In electrophysiology, the term gating refers to the opening (activation) or closing (by deactivation or inactivation) of ion channels. [1] This change in conformation is a response to changes in transmembrane voltage. [2]
When ion channels are in a 'closed' (non-conducting) state, they are impermeable to ions and do not conduct electrical current. When ion channels are in their open state, they conduct electrical current by allowing specific types of ions to pass through them, and thus, across the plasma membrane of the cell. Gating is the process by which an ion channel transitions between its open and closed states. [3]
A variety of cellular changes can trigger gating, depending on the ion channel, including changes in voltage across the cell membrane (voltage-gated ion channels), chemicals interacting with the ion channel (ligand-gated ion channels), changes in temperature, [4] stretching or deformation of the cell membrane, addition of a phosphate group to the ion channel (phosphorylation), and interaction with other molecules in the cell (e.g., G proteins). [5] The rate at which any of these gating processes occurs in response to these triggers are known as the kinetics of gating. Some drugs and many ion channel toxins act as 'gating modifiers' of voltage-gated ion channels by changing the kinetics of gating. [6]

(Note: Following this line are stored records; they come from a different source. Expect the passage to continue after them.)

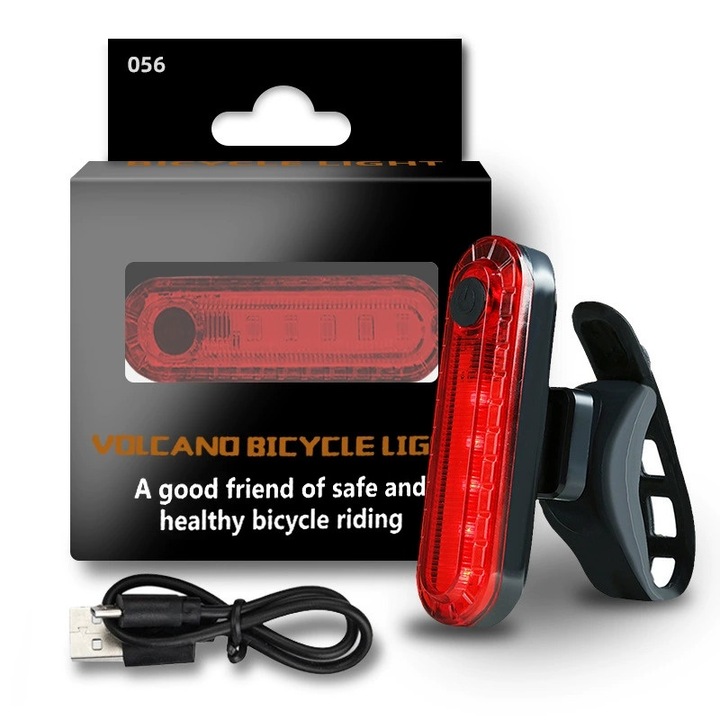 Lumini pentru biciclete, lumini spate ultra luminoase pentru biciclete, Baterie USB reincarcabila, 4 moduri de iluminare, IPX4 rezistent la apa si praf, Impermeabil, Usor de instalat, ABS, Plastic, rosie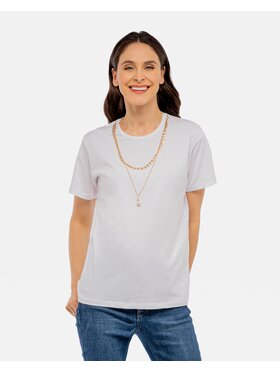 Perso Perso T-Shirt z naszyjnikiem z perłą Biały Slim Fit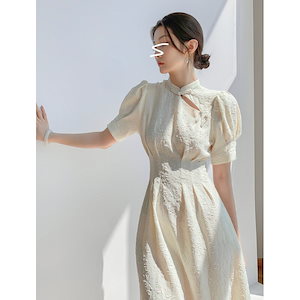 立体浮彫復古改良白チャイナドレスワンピース女性22夏新型チャイナドレス襟長款腰スカート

The voltage-gated ion channels of the action potential are often described as having four gating processes: activation, deactivation, inactivation, and reactivation (also called 'recovery from inactivation'). Activation is the process of opening the activation gate, which occurs in response to the voltage inside the cell membrane (the membrane potential) becoming more positive with respect to the outside of the cell (depolarization), and 'deactivation' is the opposite process of the activation gate closing in response to the inside of the membrane becoming more negative (repolarization). 'Inactivation' is the closing of the inactivation gate, and occurs in response to the voltage inside the membrane becoming more positive, but more slowly than activation. 'Reactivation' is the opposite of inactivation, and is the process of reopening the inactivation gate. [7]
These voltage-dependent changes in function are critical for a large number of processes in excitable and nonexcitable cells. [2]
Voltage-gated ion channels open and close in response to the electrical potential across the cell membrane. Portions of the channel domain act as voltage sensors. As the membrane potential changes, this results in changes in electrostatic forces, moving these voltage-sensing domains. This changes the conformation of other elements of the channel to either the open or closed position. [8] When they move from the closed position to the open position, this is called "activation." Voltage-gated ion channels underlie many of the electrical behaviors of the cell, including action potentials, resting membrane potentials, and synaptic transmission. [9]
Voltage-gated ion channels are often specific to ions, including Na+, K+, Ca2+, and Cl−. Each of these ions plays an important role in the electrical behavior of the cell. [9] The gates also have unique properties with important physiological implications. For example, Na+ channels open and close rapidly, while K+ gates open and close much more slowly. The difference in speed between these channels underlies the depolarization and repolarization phases of the action potential. [10]
Voltage Gated Sodium (Na+) channels are significant when it comes to propagating the action potentials in neurons and other excitable cells, mostly being used for the propagation of action potential in axons, muscle fibers and the neural somatodendritic compartment. [11] Sodium(Na+) channels are some of the main ion channels responsible for action potentials. [9] Being complex, they are made of bigger α subunits that are then paired with two smaller β subunits. [11] They contain transmembrane segments known as S1-6. The charged S4 segments are the channels voltage sensors. When exposed to a certain minimum potential difference, the S4 segments move across the membrane. [12] This causes movement of the S4-S5 linker, which causes the S5-S6 linker to twist and opens the channel. [13]
Potassium (K+) channels play a large role in setting the resting membrane potential. [9] When the cell membrane depolarizes, the intracellular part of the channel becomes positively charged, which causes the channel's open configuration to become a more stable state than the closed configuration. There are a few models of potassium channel activation:
Calcium (Ca2+) channels regulate the release of neurotransmitters at synapses, control the shape of action potentials made by sodium channels, and in some neurons, generate action potentials. [9] Calcium channels consist of six transmembrane helices. S4 acts as the voltage sensor by rotating when exposed to certain membrane potentials, thereby opening the channel. [15]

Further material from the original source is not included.